● WORK INSTRUCTIONS
Work out the number of lines in the records that include the word "Mercedes"; reply with that number alone.

Extracted data entries:
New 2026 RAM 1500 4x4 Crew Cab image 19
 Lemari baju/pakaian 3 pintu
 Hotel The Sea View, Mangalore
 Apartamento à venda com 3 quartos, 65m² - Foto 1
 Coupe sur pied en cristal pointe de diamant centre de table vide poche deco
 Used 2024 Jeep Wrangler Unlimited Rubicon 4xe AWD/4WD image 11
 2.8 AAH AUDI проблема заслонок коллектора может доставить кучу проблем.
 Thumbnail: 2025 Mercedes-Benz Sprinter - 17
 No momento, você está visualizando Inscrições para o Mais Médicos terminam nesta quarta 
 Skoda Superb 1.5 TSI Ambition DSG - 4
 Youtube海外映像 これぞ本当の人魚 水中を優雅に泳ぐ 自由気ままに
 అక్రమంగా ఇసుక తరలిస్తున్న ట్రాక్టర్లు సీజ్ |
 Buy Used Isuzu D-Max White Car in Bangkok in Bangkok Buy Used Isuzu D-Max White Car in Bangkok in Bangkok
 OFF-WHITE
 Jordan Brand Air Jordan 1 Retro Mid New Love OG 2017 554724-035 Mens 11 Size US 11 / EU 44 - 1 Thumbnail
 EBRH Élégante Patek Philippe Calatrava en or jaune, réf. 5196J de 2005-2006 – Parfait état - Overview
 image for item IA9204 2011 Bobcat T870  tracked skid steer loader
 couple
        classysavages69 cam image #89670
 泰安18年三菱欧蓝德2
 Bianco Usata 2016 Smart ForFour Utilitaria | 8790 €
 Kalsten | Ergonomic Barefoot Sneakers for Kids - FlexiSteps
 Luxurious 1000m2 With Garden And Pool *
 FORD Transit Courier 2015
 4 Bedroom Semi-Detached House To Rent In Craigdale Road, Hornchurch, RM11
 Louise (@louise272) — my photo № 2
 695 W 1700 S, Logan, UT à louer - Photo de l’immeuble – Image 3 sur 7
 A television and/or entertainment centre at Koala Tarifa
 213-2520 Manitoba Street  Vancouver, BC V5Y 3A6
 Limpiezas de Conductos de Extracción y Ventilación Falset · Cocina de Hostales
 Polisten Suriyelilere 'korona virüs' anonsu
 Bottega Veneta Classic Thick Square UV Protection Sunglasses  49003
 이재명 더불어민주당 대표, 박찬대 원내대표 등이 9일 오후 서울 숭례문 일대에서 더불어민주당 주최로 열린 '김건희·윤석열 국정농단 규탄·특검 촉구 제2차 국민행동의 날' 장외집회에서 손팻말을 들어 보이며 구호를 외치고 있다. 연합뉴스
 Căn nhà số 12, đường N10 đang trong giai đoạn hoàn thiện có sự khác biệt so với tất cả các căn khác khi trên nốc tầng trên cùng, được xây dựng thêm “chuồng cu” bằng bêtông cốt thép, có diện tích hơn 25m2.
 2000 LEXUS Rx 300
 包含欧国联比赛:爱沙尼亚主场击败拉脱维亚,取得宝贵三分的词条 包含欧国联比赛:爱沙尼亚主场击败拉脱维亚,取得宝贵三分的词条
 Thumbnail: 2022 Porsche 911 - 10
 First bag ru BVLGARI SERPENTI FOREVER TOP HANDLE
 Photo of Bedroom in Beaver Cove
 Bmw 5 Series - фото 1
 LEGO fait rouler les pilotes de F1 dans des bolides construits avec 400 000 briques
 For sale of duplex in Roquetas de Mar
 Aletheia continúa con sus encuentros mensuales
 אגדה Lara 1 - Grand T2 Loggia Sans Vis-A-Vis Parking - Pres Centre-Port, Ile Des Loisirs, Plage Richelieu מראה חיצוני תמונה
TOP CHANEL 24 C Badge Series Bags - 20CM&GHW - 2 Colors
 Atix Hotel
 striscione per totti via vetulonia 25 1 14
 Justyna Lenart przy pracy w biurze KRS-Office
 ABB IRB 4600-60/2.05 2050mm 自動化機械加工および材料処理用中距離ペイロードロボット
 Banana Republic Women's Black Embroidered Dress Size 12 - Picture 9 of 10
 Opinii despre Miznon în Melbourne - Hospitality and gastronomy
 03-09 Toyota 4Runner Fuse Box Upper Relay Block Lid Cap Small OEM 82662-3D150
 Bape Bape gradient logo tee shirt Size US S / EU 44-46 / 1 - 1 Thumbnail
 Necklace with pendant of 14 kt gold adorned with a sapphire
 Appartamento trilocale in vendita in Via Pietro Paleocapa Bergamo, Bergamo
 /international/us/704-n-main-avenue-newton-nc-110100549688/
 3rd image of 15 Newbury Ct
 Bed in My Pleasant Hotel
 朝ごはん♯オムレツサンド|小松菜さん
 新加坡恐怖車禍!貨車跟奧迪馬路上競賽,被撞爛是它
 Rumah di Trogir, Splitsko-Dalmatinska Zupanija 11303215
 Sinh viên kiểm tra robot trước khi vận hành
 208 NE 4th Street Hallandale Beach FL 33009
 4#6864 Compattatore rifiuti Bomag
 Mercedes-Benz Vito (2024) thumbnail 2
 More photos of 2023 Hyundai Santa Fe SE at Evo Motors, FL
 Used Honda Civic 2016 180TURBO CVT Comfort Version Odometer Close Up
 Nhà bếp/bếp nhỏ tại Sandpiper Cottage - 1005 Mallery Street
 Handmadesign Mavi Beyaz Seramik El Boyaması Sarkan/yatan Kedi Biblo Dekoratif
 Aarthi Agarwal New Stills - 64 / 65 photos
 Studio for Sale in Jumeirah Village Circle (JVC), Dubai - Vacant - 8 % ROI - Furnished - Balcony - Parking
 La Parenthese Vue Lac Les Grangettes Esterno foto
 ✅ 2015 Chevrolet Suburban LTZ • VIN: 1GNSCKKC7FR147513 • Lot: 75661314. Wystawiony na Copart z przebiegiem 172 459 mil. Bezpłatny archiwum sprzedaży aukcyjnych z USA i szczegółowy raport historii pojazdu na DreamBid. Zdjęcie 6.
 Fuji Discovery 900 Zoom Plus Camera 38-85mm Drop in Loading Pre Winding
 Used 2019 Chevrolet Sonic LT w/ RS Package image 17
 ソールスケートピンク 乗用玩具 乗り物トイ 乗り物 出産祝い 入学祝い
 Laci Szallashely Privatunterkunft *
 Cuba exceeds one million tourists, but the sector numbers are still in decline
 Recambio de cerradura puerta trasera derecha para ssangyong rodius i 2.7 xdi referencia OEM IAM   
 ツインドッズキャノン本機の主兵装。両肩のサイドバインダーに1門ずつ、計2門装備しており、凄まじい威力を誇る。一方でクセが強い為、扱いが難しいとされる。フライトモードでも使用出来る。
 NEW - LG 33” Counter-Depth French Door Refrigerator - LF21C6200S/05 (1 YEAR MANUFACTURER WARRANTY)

● ANSWER SPACE
2